June 30, 2019

Third Thursday Poetry Night, June 20


Surprise! The locks had been changed & we were locked out when I arrived to set up for our monthly open mic. The sad part was that the locks at the Social Justice Center had been vandalized at the beginning of the month just prior to a gathering to discuss the history of the Stonewall Riots as part of Pride Month events. I had not heard about it but found it out about it later this night from the SJC’s Facebook page. Now, as I waited for folks to arrive so I could explain that we were locked out, the owner of the restaurant next door, Lazeez, came out & we talked of the weather & of locks. When there were about 5 or 6 of us gathered he offered to let us have our reading in his downstairs banquet room. Bad things, like the vandalizing of the locks, happen often & are frequently on the 6 o’clock news or in the newspapers, but it has been my experience that good things are happening all the time, usually unnoticed, such as this spontaneous offer to use this space next door. I like to say this is what makes America great!

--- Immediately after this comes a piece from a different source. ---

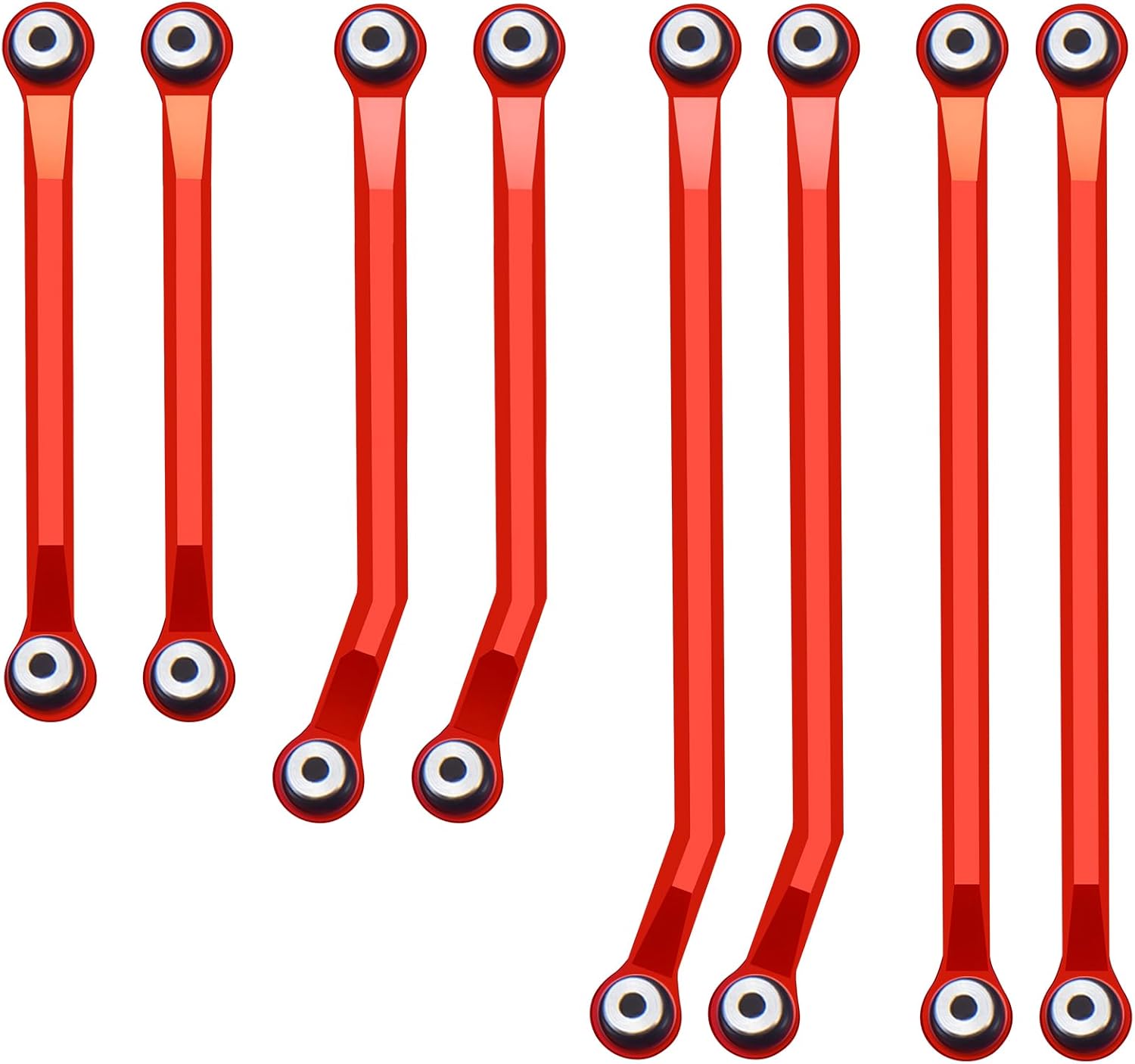 High Clearance Chassis Links Set 26g for 1/18 RC Crawler TRX4M K10 Upgrades, Black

Once gathered I invoked the Muse, finally not a local gone poet, but one who had left us back in 2017, the Russian poet & activist Irina Ratushinskaya (1954 - 2017), reading section #14 from Beyond the Limit, written in 1983 - 1984 while she was in a labor camp in Russia due to the offense, among many things, of “authorship of poetry, documents in defense of human rights…”

The first open mic poet up (I hadn’t bothered to set up the amp & mic) was Tom Bonville who read “The Trouble with Sleeping the Night” pondering what his neighbors are doing in the middle of the night (while he is up). Joe Krausman read “Limits” about the paradox of having one thing & therefore not another. Doug Holiday read a poem by the new Poet Laureate Joy Harjo, a piece for Audre Lord, “Anchorage.”

John Allen described what he was going to read as “I have no idea where it came from,” a piece titled “For When She Owns the Place,” sounding like a dream love poem. Jessica Rae was on a visit back in Albany, read a political poem based on Gwendolyn Brooks’ “We Real Cool,” titled “Real Free, Happy Hour, the Boys at North Woods Lodge” playing on “democracy.” I read my reaction to one of the Albany Symphony Orchestra’s concerts during their recent American Music Festival series “Argus String Quartet.”

Tonight’s featured poet, Richard Levine, was non-plussed by the odd turn of events here, but did modify his planned reading as the moment moved him, or so he said. He began with a poem about weeding in his garden “Believe This” hearing the birds say that. “Field Bandage” was a grim poem from his service in Viet Nam, as was “Yankee Street” about returning home from service, both from his early book A Language Full of Wars and Songs; another such poem, one of my favorites that he read, was “Graceland,” from Contiguous States (Finishing Line Press, 2018) about seeing a buddy from Viet Nam, he thinks, at Elvis’ house. “At our Door” is an eco-poem pondering what lies before us, while “Epiphany” celebrates the ordinariness in our lives. A poem for a fellow teacher, “Picket Fences,” explores the racism we still find around us; “Late Hour” is from a father’s perspective, waiting for a teenager to come home. He ended with a mix of nostalgia & thoughts on aging (aren’t they the same thing?) “Girls Dream of Toads, Too.” Richard Levine’s most recent book is his Selected Poems (FurtureCycle Press, 2019) which brings together poems from 5 poetry books, a good way to get a sense of the range of his poetic work.

We hope to return to the Social Justice Center, 33 Central Ave., Albany, NY next third Thursday, but are ever so grateful for our friends at Lazeez, 35 Central Ave. for giving us a place for our reading tonight. Please support the people who support us.